Through an industry standard it calls Socially Devoted, it measures how often brands respond to questions from their fans and how quickly.
The results, which rank pages dedicated to the UK, show which brands care about their fans on social media and the culprits who ignore their questions completely.
The top 10 most socially devoted brands in the UK included Virgin Media (which responded to 85% of questions), Next, Argos and Boohoo.com. The worst offenders for not responding to fans on Facebook include Amazon, who didn’t respond to a single customer question in the three-month period, T-Mobile, and Xbox. Interestingly, in the US results T-Mobile scored as one of the most Socially Devoted brands in that country.

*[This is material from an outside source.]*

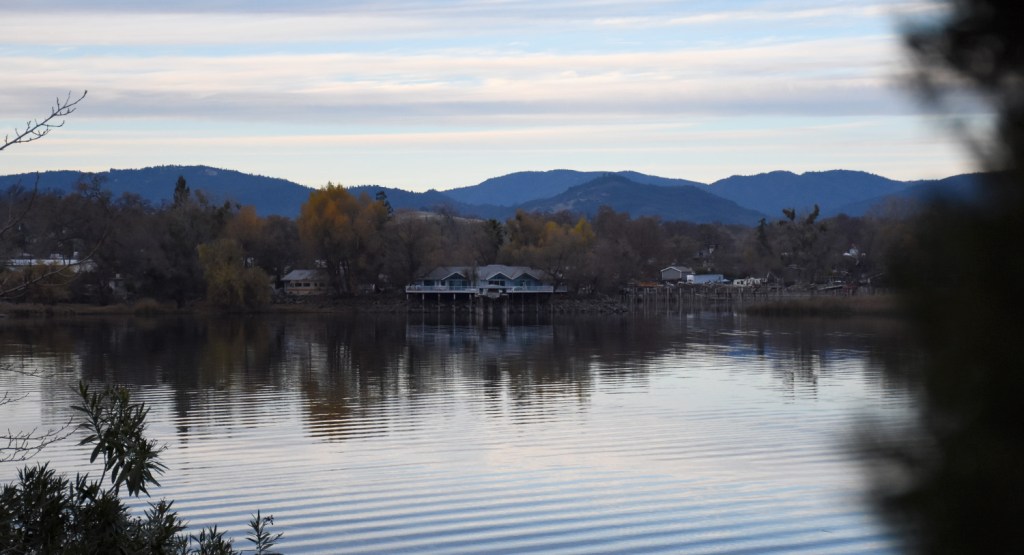 A Walk by Clear&nbsp;Lake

As Socialbakers CEO, Jan Rezab, explained: “In recent years there has been a shift away from brands simply seeking to collect the highest number of fans. What is important is how you interact and serve them. There is no point in having a page that offers no value to your fans beyond pushing photos of your products. Your fans will most likely see your posts as spam, hide your feed and then your online marketing efforts are seen by no one.”
When Socialbakers started to collect this data in April 2012 it found that over 70% of questions were not responded to on brands’ Facebook Pages worldwide. However in the last nine months response rates improved drastically and now only 45% of questions are not answered.
In worldwide rankings, the top 10 Socially Devoted brands included Personal Argentina (a south American mobile company), KLM, and Tesco. Blackberry, Netflix, and Starbucks ranked amongst the worst in the world.
Jan Rezab added: “We’re really encouraged by the number of brands who improved their Socially Devoted scores since we began measuring in April. However we remain surprised by the number of brands that refuse to acknowledge their fans on social media. Do you really want to buy food from a brand that won’t talk to you?”